Jair Bolsonaro; Alexandre Ramagem, ex-diretor da Abin e deputado federal; Almir Garnier, ex-comandante da Marinha; Anderson Torres, ex-ministro da Justiça; Augusto Heleno, ex-ministro da GSI; Paulo Sérgio Nogueira, ex-ministro da Defesa; Walter Braga Neto, ex-ministro; e Mauro Cid, ex-ajudante de ordens de Bolsonaro.
Quanto volta o julgamento
Nas próximas terça e quarta, os ministros dão os votos. No dia 12 próximo, a sentença será dada.
Argumentos apresentados ontem
Heleno
afastamento e perda de influência: a defesa alegou que o ex-ministro se afastou de Jair Bolsonaro e que, por isso, perdeu influência na reta final do governo, em meio à aproximação do Centrão com a gestão anterior. A defesa enfatizou que Heleno não participou de nenhuma reunião do ex-presidente com a cúpula militar e negou qualquer participação dele na trama golpista.
Bolsonaro
protocolos nunca acionados: a equipe do ex-presidente apontou cerceamento de defesa. Criticou o prazo para analisar as provas e disse que faltou paridade de armas com a acusação. E defendeu que não houve ato concreto ou comando para viabilizar decretos que previam estado de defesa ou de sítio. As discussões não teriam passado de conjecturas.
Nogueira
posição contrária a medidas: A defesa afirmou que o ex-ministro da Defesa atuou para dissuadir Bolsonaro de medidas de exceção e aconselhou o reconhecimento do resultado das eleições de 2022. O advogado também disse que o general “não fazia parte dessa organização criminosa” e, por isso, “sofreu ataques virtuais” de membros do bolsonarismo.
Braga Netto
vícios na delação de Cid: O advogado José Luís Oliveira Lima criticou o prazo para acesso a provas e a decisão de Moraes de não permitir a gravação da acareação entre seu cliente e Mauro Cid. A defesa pediu a anulação da delação do ex-ajudante de ordens, citando vícios, como a ausência do Ministério Público na negociação do acordo, e as mudanças de versão de Cid sobre uma reunião na casa do general.

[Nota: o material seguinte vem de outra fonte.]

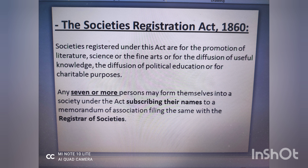The first one is the Societies Registration Act 1860. Basically, agar aap a society create kar rahe hain for the promotion of literature, science, etc., toh aap usko Societies Registration Act 1860 ke through register karva sakte hain. Its particular requirements include, for example, you have to have seven or more people at least. There is also a Registrar of Societies, similar to how SECP ke behalf pe registrar hota hai. And there is also a Memorandum of Association which you have to file with the registrar. The requirements do differ from the Companies Act, but societies can be registered under this act.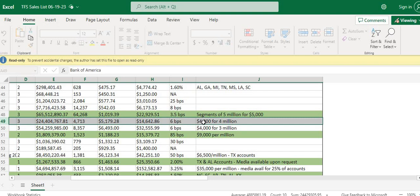This particular seller will break this debt down — $4,000 for every $4 million worth of debt. So you can pay $4,000 for $4 million worth of debt.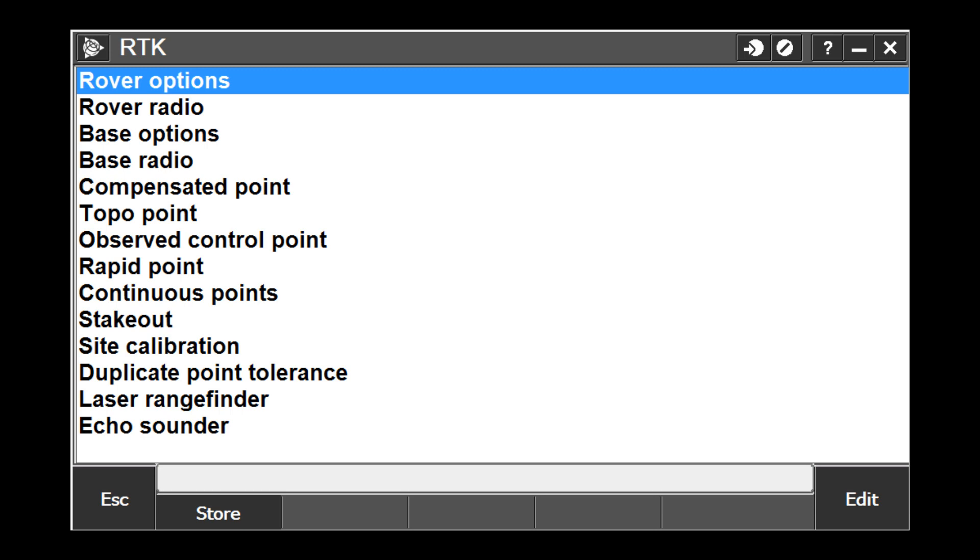There are four configured methods of measuring and storing a point in an RTK survey style. All are defined in the style and can be changed if required during the survey using the Options soft key at the bottom of the measure point screen. However, edits made in the survey style become default for each new job after the style has been saved or stored.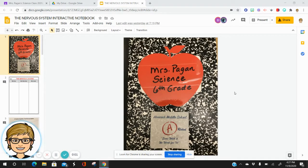This is Mrs. Pagan, and this is a video guide for 6th Grade Science Nervous System Interactive Notebook.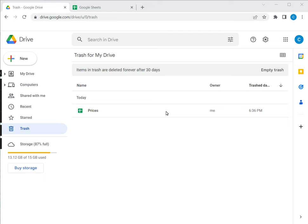To recover the file you need to go to Google Drive since the files are stored there. Here I have Google Drive open and you will have to go to the trash folder.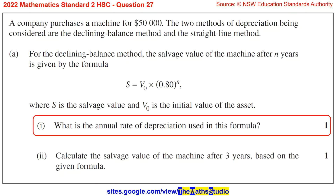Question 27. A company purchases a machine for $50,000. The two methods of depreciation being considered are the Declining Balance Method and the Straight Line Method. Part A: For the Declining Balance Method, the salvage value of the machine after n years is given by the formula S equals V0 times 0.80 to the power of n, where S is the salvage value and V0 is the initial value of the asset.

Resumo do 1º dia de julgamento
Mauro Cid: Defesa sustentou validade da delação premiada, negou coação e afirmou que Cid não conhecia o Plano Punhal Verde e Amarelo.

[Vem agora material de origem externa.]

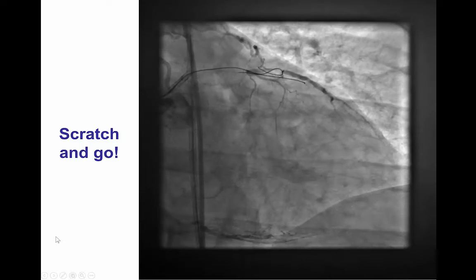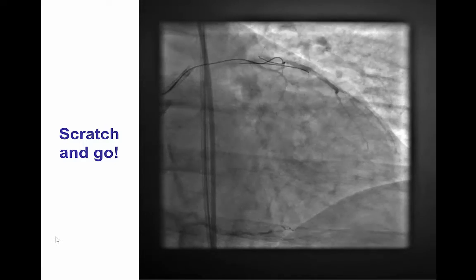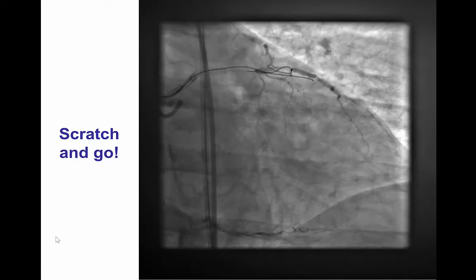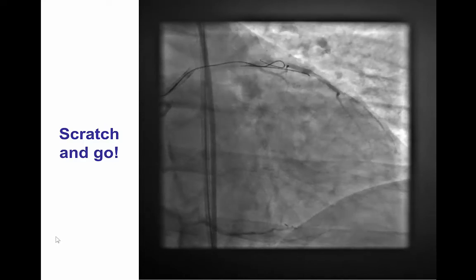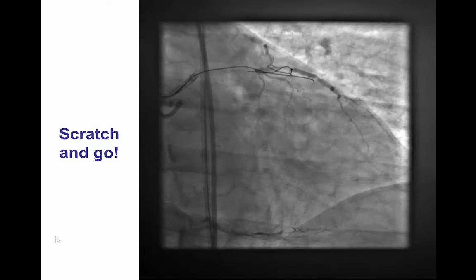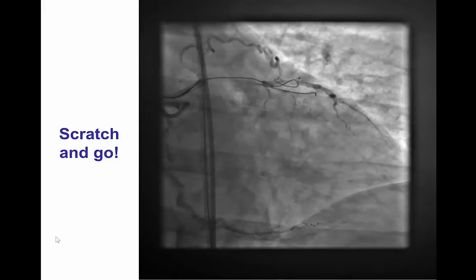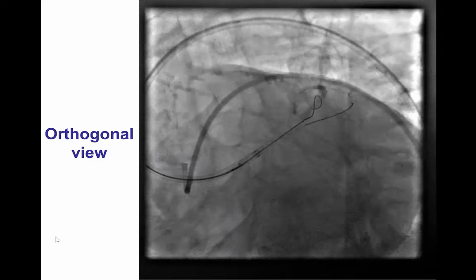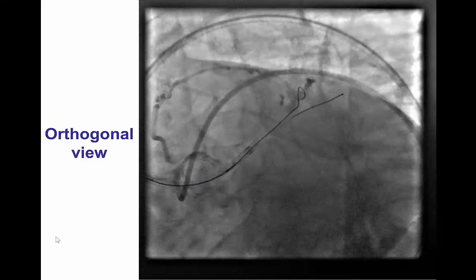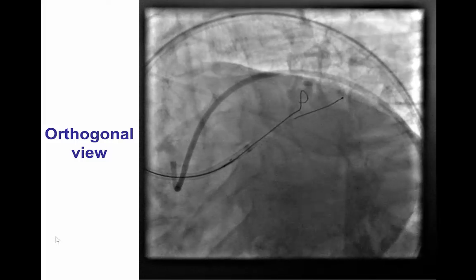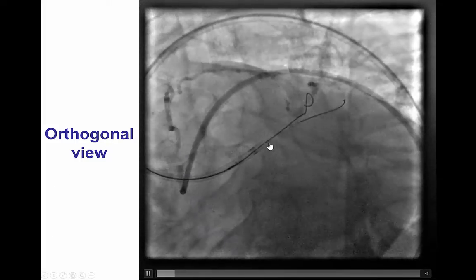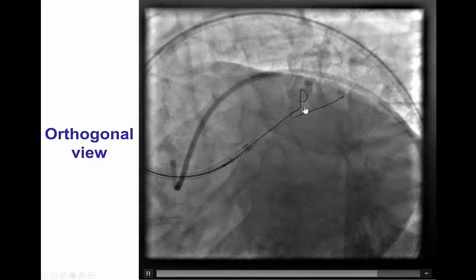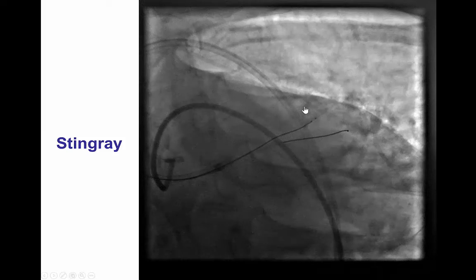This is an example of a technique called scratch and go, in which case when there is proximal cap ambiguity, creating a small dissection proximal to the occlusion can help track the vessel and advance past the occlusion. This is confirmed in another angiographic projection, showing that the loop we have is indeed moving in sync with the course of the left anterior descending artery.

Alexandre Ramagem: Defesa disse que o deputado e ex-chefe da Abin não orientou Bolsonaro em ações antidemocráticas e que documento apreendido era um compilado de críticas já emitidas pelo ex-presidente.
Almir Garnier: Defesa afirmou que a reunião citada na denúncia, em que o ex-comandante da Marinha teria colocado tropas à disposição do plano em 7 de dezembro de 2022, “nunca existiu” e defendeu a rescisão da delação de Mauro Cid.
Anderson Torres: Defesa disse que o documento encontrado em sua casa, prevendo estado de defesa no TSE e criação de uma “Comissão de Regularidade Eleitoral”, teve peso descomunal, já circulava na internet e negou envolvimento da PRF contra a lisura do pleito de 2022.